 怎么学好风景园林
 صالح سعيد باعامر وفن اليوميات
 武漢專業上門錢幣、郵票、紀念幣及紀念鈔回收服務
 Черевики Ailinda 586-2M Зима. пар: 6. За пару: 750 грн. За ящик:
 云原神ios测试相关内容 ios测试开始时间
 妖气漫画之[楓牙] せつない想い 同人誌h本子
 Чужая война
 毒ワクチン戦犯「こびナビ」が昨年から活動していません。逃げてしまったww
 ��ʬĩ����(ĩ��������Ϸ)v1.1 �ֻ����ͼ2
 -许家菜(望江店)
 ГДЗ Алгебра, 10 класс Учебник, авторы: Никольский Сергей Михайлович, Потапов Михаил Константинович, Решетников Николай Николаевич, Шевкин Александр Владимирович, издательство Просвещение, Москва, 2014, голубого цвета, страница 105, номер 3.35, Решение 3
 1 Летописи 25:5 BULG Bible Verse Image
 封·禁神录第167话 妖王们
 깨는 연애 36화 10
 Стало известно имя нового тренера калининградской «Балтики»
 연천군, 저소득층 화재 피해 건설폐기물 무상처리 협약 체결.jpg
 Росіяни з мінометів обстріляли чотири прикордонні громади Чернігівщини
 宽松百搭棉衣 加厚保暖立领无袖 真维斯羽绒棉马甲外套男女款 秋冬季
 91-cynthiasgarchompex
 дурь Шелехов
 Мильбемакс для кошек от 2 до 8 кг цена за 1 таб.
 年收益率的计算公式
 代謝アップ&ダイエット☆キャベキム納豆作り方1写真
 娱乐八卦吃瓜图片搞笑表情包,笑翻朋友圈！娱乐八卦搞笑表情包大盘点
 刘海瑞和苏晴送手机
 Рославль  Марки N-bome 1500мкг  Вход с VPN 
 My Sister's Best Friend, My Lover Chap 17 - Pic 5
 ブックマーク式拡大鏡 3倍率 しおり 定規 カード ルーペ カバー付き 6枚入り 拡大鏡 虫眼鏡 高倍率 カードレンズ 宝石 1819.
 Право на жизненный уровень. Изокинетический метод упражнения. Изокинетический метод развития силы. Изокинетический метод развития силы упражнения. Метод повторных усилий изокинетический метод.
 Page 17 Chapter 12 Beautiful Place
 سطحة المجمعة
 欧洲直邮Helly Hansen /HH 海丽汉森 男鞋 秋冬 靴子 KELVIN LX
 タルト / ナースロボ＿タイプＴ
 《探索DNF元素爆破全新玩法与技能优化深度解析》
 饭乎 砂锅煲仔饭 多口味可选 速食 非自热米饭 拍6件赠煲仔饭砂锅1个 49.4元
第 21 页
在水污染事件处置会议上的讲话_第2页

■ ■ ■ ■ ■

Description of the task: Set the whole listing down again so that it matches the original exactly.

Written solution:
 怎么学好风景园林
 صالح سعيد باعامر وفن اليوميات
 武漢專業上門錢幣、郵票、紀念幣及紀念鈔回收服務
 Черевики Ailinda 586-2M Зима. пар: 6. За пару: 750 грн. За ящик:
 云原神ios测试相关内容 ios测试开始时间
 妖气漫画之[楓牙] せつない想い 同人誌h本子
 Чужая война
 毒ワクチン戦犯「こびナビ」が昨年から活動していません。逃げてしまったww
 ��ʬĩ����(ĩ��������Ϸ)v1.1 �ֻ����ͼ2
 -许家菜(望江店)
 ГДЗ Алгебра, 10 класс Учебник, авторы: Никольский Сергей Михайлович, Потапов Михаил Константинович, Решетников Николай Николаевич, Шевкин Александр Владимирович, издательство Просвещение, Москва, 2014, голубого цвета, страница 105, номер 3.35, Решение 3
 1 Летописи 25:5 BULG Bible Verse Image
 封·禁神录第167话 妖王们
 깨는 연애 36화 10
 Стало известно имя нового тренера калининградской «Балтики»
 연천군, 저소득층 화재 피해 건설폐기물 무상처리 협약 체결.jpg
 Росіяни з мінометів обстріляли чотири прикордонні громади Чернігівщини
 宽松百搭棉衣 加厚保暖立领无袖 真维斯羽绒棉马甲外套男女款 秋冬季
 91-cynthiasgarchompex
 дурь Шелехов
 Мильбемакс для кошек от 2 до 8 кг цена за 1 таб.
 年收益率的计算公式
 代謝アップ&ダイエット☆キャベキム納豆作り方1写真
 娱乐八卦吃瓜图片搞笑表情包,笑翻朋友圈！娱乐八卦搞笑表情包大盘点
 刘海瑞和苏晴送手机
 Рославль  Марки N-bome 1500мкг  Вход с VPN 
 My Sister's Best Friend, My Lover Chap 17 - Pic 5
 ブックマーク式拡大鏡 3倍率 しおり 定規 カード ルーペ カバー付き 6枚入り 拡大鏡 虫眼鏡 高倍率 カードレンズ 宝石 1819.
 Право на жизненный уровень. Изокинетический метод упражнения. Изокинетический метод развития силы. Изокинетический метод развития силы упражнения. Метод повторных усилий изокинетический метод.
 Page 17 Chapter 12 Beautiful Place
 سطحة المجمعة
 欧洲直邮Helly Hansen /HH 海丽汉森 男鞋 秋冬 靴子 KELVIN LX
 タルト / ナースロボ＿タイプＴ
 《探索DNF元素爆破全新玩法与技能优化深度解析》
 饭乎 砂锅煲仔饭 多口味可选 速食 非自热米饭 拍6件赠煲仔饭砂锅1个 49.4元
第 21 页
在水污染事件处置会议上的讲话_第2页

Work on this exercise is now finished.